[Data items]
——
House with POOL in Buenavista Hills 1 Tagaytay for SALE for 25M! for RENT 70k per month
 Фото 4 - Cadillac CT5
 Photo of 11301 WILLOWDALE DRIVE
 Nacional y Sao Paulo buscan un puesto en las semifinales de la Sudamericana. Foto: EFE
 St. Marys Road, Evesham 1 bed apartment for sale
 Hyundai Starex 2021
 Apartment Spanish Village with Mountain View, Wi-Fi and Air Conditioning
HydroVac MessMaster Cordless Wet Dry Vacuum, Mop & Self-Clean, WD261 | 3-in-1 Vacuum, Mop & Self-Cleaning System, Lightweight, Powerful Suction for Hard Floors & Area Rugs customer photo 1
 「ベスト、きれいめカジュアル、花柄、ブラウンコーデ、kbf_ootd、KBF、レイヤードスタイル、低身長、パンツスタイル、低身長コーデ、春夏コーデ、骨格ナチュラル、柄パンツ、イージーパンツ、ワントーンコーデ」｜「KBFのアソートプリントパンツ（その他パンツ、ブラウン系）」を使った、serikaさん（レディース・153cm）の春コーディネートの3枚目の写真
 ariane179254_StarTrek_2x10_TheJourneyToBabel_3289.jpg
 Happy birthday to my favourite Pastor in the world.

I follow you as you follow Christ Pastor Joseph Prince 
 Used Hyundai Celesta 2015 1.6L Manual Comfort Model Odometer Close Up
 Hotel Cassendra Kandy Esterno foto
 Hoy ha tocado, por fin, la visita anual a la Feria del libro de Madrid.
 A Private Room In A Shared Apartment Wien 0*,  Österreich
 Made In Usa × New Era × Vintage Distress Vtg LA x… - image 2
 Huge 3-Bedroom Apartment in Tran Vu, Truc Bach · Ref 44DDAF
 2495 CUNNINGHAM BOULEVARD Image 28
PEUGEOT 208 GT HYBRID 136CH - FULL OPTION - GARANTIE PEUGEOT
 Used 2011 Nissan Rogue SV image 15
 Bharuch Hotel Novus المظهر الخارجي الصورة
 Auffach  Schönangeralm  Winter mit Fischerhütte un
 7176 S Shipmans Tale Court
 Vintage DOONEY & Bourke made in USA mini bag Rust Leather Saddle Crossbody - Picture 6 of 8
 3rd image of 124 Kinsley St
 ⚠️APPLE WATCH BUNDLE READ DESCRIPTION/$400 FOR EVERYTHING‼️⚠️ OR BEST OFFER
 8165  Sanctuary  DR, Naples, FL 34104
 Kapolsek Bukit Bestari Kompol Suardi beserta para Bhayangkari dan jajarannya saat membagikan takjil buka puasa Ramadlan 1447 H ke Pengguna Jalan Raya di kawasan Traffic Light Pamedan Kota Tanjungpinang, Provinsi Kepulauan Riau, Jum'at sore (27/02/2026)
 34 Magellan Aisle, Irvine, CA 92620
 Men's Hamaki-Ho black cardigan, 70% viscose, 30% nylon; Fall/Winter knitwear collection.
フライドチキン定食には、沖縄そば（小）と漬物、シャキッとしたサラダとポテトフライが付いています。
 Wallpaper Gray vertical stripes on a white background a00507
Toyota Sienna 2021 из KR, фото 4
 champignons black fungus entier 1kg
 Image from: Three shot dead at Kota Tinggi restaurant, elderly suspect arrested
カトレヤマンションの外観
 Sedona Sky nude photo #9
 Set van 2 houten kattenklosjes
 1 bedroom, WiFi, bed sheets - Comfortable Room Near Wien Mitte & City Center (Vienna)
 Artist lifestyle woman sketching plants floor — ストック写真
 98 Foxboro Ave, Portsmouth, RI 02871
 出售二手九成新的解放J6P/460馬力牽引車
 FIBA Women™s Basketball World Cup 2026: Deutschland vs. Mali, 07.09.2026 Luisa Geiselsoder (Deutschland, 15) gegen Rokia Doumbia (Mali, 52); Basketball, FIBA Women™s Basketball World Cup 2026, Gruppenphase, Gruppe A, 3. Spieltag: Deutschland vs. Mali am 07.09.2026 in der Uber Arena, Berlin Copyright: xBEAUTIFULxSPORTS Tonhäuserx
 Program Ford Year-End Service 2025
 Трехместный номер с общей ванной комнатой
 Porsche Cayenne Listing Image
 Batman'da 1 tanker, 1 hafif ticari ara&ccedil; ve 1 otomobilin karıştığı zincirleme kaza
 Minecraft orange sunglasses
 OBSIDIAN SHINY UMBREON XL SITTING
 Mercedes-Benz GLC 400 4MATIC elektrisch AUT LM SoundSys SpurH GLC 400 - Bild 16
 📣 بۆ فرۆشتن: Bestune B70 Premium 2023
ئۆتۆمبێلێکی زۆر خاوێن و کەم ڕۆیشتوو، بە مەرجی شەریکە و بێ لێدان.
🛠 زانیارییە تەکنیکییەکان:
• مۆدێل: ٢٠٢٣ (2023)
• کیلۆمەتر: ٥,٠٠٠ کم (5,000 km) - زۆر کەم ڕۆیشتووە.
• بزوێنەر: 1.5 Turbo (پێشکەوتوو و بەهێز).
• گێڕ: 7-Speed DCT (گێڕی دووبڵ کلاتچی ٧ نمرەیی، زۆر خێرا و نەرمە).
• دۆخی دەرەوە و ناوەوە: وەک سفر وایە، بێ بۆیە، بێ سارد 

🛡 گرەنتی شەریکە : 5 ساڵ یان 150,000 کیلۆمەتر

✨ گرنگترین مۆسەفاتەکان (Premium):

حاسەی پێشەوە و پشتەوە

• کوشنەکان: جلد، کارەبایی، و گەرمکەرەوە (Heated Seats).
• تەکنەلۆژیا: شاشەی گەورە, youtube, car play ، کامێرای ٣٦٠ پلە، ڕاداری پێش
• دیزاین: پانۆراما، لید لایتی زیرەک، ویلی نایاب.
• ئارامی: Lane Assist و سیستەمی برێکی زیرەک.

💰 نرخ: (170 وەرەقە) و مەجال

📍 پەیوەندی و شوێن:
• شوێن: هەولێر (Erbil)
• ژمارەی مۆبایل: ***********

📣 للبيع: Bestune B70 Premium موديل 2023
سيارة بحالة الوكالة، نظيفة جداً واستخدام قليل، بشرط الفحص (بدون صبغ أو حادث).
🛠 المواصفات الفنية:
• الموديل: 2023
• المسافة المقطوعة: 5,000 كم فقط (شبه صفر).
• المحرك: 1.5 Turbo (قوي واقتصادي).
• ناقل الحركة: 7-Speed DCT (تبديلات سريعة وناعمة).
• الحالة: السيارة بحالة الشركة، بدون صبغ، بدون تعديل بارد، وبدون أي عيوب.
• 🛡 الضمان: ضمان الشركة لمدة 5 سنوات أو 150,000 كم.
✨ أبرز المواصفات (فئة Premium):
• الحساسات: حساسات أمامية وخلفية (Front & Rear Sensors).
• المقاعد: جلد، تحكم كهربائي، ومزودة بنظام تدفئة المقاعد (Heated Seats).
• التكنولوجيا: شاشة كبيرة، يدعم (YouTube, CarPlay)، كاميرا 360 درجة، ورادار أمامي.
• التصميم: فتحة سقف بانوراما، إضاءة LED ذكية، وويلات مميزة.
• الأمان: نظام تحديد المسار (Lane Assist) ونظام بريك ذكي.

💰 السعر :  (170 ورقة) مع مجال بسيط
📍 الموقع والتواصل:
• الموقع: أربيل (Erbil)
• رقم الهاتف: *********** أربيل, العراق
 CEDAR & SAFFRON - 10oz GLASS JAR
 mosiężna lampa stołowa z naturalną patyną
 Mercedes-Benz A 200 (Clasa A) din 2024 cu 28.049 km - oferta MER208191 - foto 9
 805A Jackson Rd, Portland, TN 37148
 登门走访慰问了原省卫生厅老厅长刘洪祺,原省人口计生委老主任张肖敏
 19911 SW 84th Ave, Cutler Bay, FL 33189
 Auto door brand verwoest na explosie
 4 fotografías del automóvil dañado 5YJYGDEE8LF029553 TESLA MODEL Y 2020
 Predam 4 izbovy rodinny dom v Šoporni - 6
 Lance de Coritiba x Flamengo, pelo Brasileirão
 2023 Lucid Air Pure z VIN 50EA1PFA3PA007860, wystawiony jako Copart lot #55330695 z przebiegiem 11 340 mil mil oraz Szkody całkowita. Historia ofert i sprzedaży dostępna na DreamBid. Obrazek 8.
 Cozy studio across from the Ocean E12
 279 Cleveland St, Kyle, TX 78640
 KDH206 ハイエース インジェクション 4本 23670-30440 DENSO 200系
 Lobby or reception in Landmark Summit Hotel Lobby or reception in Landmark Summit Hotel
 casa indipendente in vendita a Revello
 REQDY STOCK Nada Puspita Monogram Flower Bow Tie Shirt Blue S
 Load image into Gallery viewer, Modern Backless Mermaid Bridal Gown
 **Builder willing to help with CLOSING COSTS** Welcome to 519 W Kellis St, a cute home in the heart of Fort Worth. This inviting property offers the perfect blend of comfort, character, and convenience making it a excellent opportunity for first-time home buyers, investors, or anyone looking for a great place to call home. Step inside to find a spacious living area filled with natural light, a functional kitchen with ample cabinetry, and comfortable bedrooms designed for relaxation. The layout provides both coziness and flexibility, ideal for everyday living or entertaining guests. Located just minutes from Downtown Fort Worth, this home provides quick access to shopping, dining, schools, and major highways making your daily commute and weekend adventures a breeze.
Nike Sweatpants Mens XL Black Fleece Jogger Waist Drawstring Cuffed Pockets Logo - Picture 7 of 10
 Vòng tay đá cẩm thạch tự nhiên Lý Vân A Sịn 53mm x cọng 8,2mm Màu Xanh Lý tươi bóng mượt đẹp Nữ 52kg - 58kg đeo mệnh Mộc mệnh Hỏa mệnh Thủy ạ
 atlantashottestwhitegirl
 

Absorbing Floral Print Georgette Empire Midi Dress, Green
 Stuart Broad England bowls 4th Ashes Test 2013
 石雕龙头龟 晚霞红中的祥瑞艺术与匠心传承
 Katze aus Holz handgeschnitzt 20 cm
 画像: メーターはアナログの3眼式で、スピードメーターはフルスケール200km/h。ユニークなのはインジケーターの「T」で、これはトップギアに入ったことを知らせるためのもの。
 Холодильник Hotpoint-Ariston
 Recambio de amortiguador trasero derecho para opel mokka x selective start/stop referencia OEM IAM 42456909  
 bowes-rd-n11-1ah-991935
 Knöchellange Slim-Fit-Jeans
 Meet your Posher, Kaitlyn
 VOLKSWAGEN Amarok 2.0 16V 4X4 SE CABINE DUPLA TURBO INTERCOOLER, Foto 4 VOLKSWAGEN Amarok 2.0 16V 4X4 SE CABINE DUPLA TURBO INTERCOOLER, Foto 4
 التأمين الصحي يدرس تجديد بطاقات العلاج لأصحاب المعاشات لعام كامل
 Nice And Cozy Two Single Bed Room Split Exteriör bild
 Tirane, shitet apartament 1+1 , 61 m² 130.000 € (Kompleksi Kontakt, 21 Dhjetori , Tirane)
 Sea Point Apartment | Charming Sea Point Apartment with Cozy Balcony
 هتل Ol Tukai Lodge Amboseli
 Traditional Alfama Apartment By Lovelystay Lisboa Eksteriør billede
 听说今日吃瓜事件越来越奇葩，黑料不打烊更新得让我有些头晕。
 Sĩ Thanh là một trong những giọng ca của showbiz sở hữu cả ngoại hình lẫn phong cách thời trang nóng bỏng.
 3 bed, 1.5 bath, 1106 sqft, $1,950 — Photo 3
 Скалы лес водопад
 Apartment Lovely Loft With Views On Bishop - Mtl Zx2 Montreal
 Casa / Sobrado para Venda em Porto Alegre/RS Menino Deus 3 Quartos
——
What to do
A verbatim transcription is needed of the lines above, starting at the line with "279 Cleveland St, Kyle, TX 78640" and ending at the line with "Katze aus Holz handgeschnitzt 20 cm", both included, and of nothing else.

Written answer
 279 Cleveland St, Kyle, TX 78640
 KDH206 ハイエース インジェクション 4本 23670-30440 DENSO 200系
 Lobby or reception in Landmark Summit Hotel Lobby or reception in Landmark Summit Hotel
 casa indipendente in vendita a Revello
 REQDY STOCK Nada Puspita Monogram Flower Bow Tie Shirt Blue S
 Load image into Gallery viewer, Modern Backless Mermaid Bridal Gown
 **Builder willing to help with CLOSING COSTS** Welcome to 519 W Kellis St, a cute home in the heart of Fort Worth. This inviting property offers the perfect blend of comfort, character, and convenience making it a excellent opportunity for first-time home buyers, investors, or anyone looking for a great place to call home. Step inside to find a spacious living area filled with natural light, a functional kitchen with ample cabinetry, and comfortable bedrooms designed for relaxation. The layout provides both coziness and flexibility, ideal for everyday living or entertaining guests. Located just minutes from Downtown Fort Worth, this home provides quick access to shopping, dining, schools, and major highways making your daily commute and weekend adventures a breeze.
Nike Sweatpants Mens XL Black Fleece Jogger Waist Drawstring Cuffed Pockets Logo - Picture 7 of 10
 Vòng tay đá cẩm thạch tự nhiên Lý Vân A Sịn 53mm x cọng 8,2mm Màu Xanh Lý tươi bóng mượt đẹp Nữ 52kg - 58kg đeo mệnh Mộc mệnh Hỏa mệnh Thủy ạ
 atlantashottestwhitegirl
 

Absorbing Floral Print Georgette Empire Midi Dress, Green
 Stuart Broad England bowls 4th Ashes Test 2013
 石雕龙头龟 晚霞红中的祥瑞艺术与匠心传承
 Katze aus Holz handgeschnitzt 20 cm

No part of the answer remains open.